Alors qu’est récemment sorti l’incisif "Adieu les cons", il semble important de revenir sur "Bernie", un premier fait d’arme toujours d’actualité qui révèle beaucoup la personnalité de son auteur.

Le film sorti en 1996 raconte l’histoire de Bernie, trentenaire atypique qui quitte l’orphelinat au sein duquel il a toujours vécu. Il ne connait pas bien les mécanismes de la société extérieure et, avec une certaine somme en poche, va tenter de retrouver ses origines. Au cours de cette quête d’identité, sa déconnection avec le monde et la réalité va s’intensifier et mener à des situations plus absurdes les unes que les autres.
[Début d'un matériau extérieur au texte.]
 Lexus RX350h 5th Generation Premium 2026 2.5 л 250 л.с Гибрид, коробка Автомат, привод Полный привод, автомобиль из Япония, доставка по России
Albert Dupontel, dont il s’agit du premier passage derrière la caméra pour un long-métrage, interprète ici le personnage éponyme, un marginal aux allures de psychopathe candide.
Apparait alors le constat amer d’une certaine France, celle des HLM, des terrains désaffectés et des SDF. Bernie se retrouve confronté à la misère sociale de laquelle il est issu sans aucun filtre ni code, et c’est à partir de cette confrontation qu’il va commencer à interpréter tout ce qu’il découvre sur ses origines par le prisme de son imaginaire. Face à cette horreur, Il se réfugie dans une histoire qu’il crée de toute pièce, laquelle va le faire évoluer en décalage complet avec son environnement et avec les autres personnages.
Pour Bernie, le monde entier est l’ennemi, et sa paranoïa grandissante le pousse souvent à agir de manière extrême. La crudité de la violence, qu’elle soit psychologique ou graphique, a marqué les esprits à sa sortie. C’est l’une des raisons principales pour laquelle beaucoup l’ont décrié, à l’instar des Cahiers du Cinéma et Positif et de leurs critiques acidulées. Pourtant, cette violence dans la forme même du film semble être la simple expression de plusieurs réalités, une expression très exacerbée certes mais qui sert un propos plus profond sur l’isolement et la misère.

L’humour - noir - a aussi une place très importante et s’avère parfois salvateur, comme la seule issue possible pour survivre psychologiquement à des situations aussi horribles. C’est la patte de Dupontel qui se crée petit à petit : l’hilarité est un moyen de prendre du recul, de s’évader de la tragédie pure et dure, de transformer cette noirceur en quelque chose de plus digeste, et surtout de montrer la réelle complexité de la vie et de l’esprit humain.
Derrière cette habile utilisation du rire du spectateur se cache également une critique acerbe de la société : on apprend que l’on peut tout faire tant que l’on a de l’argent, mais que l’on finit toujours par se faire piéger. Dupontel nous parle de prédestination et démontre qu’il est difficile d’échapper à sa condition, à l’image de la mère de Bernie qui suit un parcours social digne d’un roman d’Emile Zola. La seule échappatoire face à l’autorité, à la misère, c’est l’abstraction, le rêve. Bernie est un poète malgré lui, un être humain sans morale et rempli d’espérances. Son imaginaire lui vient d’ailleurs du cinéma, du Western même, et on peut comprendre alors une certaine identification de l’auteur/acteur à son personnage.

Moins fin et poétique que certains films plus récents de Dupontel, on trouve là cependant l’essence même de son œuvre.
Bernie est un « ovni », une pépite brute et brutale très intéressante par ses imperfections formelles et ses personnages hauts en couleur, qui tient toujours la route vingt-cinq ans après avoir inauguré la filmographie de l’un de nos auteurs les plus passionnants de ces dernières années.